> _Data for this exercise_:

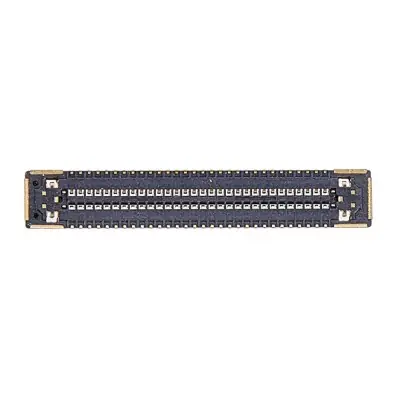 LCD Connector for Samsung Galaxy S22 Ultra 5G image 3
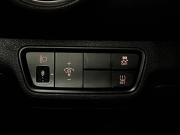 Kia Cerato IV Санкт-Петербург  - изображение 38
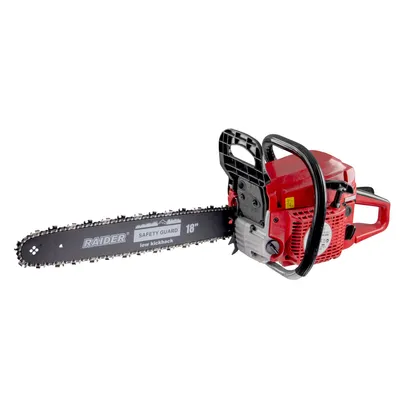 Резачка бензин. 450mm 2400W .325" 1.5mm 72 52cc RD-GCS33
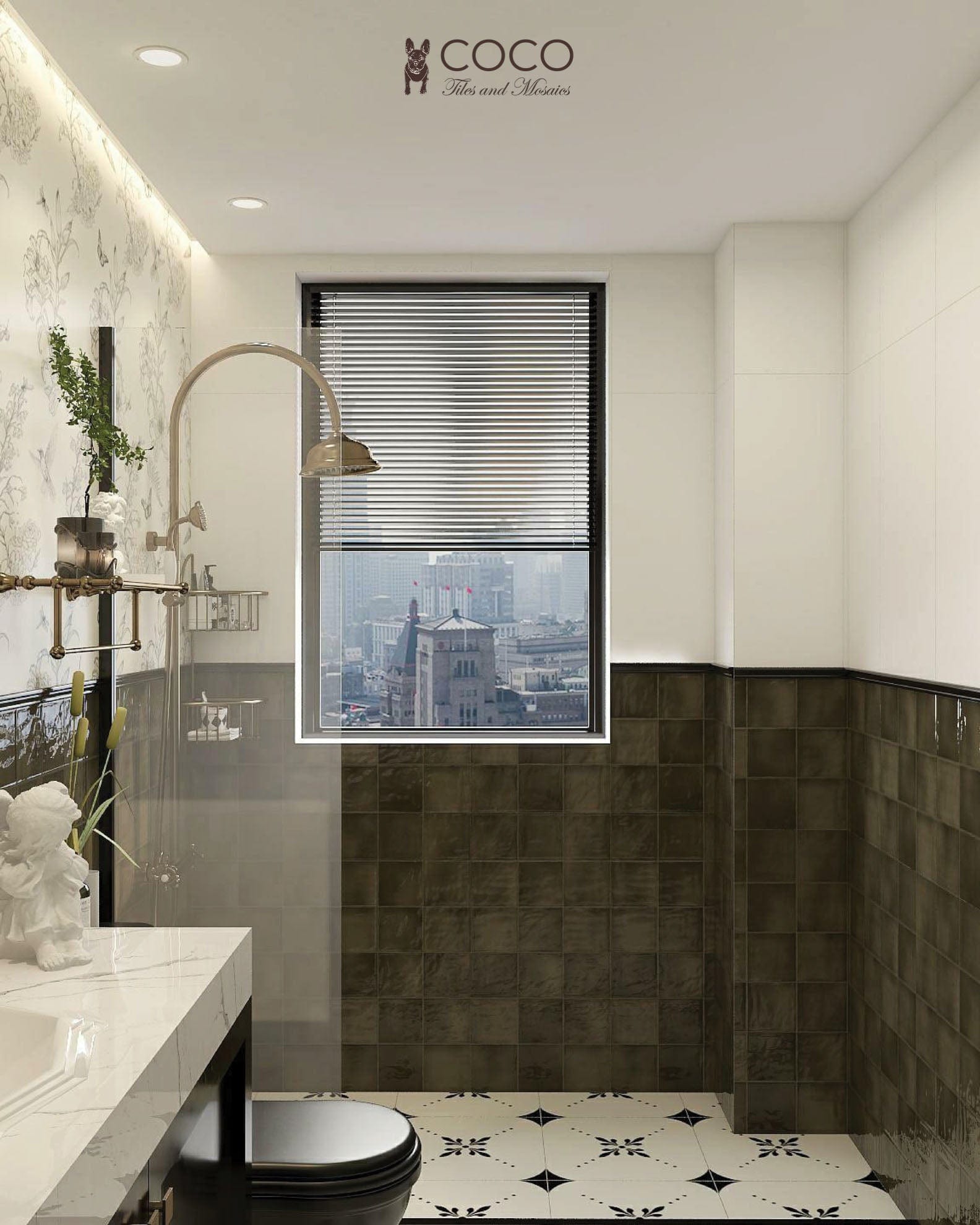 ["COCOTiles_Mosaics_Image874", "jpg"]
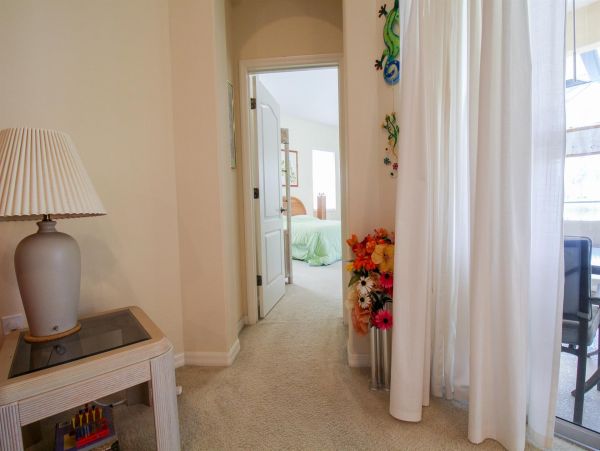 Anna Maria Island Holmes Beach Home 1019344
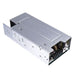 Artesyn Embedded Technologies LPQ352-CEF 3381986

> _Brief_: Write out exactly the lines from the one containing "Kia Cerato IV" to the last line of the records above, both included, and leave out any pictures.

> _Written solution_:
 Kia Cerato IV Санкт-Петербург  - изображение 38
 Резачка бензин. 450mm 2400W .325" 1.5mm 72 52cc RD-GCS33
 ["COCOTiles_Mosaics_Image874", "jpg"]
 Anna Maria Island Holmes Beach Home 1019344
 Artesyn Embedded Technologies LPQ352-CEF 3381986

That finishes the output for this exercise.